Extracted records:
──────────────────────────────

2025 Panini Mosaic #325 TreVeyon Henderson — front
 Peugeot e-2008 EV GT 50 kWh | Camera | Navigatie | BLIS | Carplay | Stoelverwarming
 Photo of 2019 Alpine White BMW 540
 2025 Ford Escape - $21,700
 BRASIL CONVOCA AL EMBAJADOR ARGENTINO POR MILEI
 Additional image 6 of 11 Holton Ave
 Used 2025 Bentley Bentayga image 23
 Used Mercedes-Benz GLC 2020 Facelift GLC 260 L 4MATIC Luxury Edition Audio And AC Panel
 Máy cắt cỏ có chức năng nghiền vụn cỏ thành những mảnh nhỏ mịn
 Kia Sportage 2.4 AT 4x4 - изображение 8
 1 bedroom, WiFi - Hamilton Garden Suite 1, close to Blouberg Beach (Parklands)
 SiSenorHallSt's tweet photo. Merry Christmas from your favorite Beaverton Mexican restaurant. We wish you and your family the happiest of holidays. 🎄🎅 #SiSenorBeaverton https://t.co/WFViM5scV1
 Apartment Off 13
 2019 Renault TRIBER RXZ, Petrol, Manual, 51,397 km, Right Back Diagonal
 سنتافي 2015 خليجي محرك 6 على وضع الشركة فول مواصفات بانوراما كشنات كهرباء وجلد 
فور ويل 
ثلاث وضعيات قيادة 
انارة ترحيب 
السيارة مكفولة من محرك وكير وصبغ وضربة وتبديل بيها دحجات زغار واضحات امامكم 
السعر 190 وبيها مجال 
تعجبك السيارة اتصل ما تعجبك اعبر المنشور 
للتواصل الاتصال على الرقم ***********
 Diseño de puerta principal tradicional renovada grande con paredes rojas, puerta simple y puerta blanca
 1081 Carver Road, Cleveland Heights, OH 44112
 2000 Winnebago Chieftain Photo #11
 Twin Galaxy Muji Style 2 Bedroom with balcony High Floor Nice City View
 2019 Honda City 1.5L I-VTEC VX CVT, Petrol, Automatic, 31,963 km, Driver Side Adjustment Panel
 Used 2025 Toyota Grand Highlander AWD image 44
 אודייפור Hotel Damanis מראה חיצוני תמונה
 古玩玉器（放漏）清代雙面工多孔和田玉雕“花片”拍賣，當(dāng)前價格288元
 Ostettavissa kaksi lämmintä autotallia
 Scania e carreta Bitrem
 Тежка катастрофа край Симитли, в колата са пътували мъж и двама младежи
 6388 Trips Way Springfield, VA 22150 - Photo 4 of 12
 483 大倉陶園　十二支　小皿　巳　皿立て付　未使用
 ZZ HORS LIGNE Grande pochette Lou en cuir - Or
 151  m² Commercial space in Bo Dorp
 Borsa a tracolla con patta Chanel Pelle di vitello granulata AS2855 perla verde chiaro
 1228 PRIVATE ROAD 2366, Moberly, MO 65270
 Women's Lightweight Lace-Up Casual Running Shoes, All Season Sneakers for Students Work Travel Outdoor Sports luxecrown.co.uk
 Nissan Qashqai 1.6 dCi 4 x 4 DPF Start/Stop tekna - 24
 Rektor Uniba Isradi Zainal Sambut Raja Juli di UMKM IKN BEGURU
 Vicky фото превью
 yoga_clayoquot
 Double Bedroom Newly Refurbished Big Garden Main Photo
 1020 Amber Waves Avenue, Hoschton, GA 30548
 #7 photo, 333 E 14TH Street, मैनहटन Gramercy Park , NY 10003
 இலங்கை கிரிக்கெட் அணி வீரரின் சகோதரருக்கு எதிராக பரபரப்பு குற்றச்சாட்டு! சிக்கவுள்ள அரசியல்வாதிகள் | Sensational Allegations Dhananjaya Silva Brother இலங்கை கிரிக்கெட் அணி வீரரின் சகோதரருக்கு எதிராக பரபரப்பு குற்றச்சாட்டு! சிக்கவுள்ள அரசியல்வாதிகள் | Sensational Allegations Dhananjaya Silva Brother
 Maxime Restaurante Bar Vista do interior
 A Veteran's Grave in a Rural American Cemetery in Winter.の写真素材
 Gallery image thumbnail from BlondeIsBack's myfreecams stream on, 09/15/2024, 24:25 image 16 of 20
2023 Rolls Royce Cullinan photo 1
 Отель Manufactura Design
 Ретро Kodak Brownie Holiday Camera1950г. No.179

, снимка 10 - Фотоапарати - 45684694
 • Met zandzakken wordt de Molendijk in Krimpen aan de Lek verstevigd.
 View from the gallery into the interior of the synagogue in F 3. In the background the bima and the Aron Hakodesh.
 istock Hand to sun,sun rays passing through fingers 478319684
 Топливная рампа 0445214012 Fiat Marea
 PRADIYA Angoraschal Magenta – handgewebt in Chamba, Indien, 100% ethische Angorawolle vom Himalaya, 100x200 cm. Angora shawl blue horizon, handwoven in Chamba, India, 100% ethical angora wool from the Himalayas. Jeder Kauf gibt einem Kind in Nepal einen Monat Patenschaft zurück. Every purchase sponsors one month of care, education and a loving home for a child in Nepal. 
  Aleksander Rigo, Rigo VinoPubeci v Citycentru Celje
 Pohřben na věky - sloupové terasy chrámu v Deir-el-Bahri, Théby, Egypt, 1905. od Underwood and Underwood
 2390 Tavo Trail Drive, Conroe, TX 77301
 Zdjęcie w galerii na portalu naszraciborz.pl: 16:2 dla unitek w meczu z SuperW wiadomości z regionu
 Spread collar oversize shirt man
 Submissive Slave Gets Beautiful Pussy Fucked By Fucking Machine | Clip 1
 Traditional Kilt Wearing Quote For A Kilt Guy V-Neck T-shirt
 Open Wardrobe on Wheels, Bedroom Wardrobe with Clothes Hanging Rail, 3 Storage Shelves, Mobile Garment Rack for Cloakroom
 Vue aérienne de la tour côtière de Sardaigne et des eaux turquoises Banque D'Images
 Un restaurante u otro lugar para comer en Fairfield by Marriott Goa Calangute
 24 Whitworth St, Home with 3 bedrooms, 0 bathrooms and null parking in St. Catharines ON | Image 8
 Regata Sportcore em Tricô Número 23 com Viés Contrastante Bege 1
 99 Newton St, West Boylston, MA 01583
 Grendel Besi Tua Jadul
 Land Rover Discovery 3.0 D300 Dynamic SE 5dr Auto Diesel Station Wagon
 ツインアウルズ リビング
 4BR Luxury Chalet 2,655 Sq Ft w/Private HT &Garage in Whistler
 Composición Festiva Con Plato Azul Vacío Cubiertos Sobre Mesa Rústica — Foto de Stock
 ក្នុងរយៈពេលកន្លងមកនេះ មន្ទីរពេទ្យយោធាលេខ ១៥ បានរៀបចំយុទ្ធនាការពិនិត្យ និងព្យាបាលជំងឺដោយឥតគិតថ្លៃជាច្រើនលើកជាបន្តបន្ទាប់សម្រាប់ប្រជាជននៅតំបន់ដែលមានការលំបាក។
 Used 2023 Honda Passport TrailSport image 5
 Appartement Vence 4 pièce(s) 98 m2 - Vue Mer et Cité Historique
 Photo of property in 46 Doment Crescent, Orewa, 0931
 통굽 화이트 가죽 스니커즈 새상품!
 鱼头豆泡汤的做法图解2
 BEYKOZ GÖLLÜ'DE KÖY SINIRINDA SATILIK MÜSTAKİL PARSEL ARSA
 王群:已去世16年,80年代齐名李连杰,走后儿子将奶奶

──────────────────────────────

### [Work request]
Copy out each line of the entries above that holds "shirt".

### [Reply to the exercise]
 Spread collar oversize shirt man
 Traditional Kilt Wearing Quote For A Kilt Guy V-Neck T-shirt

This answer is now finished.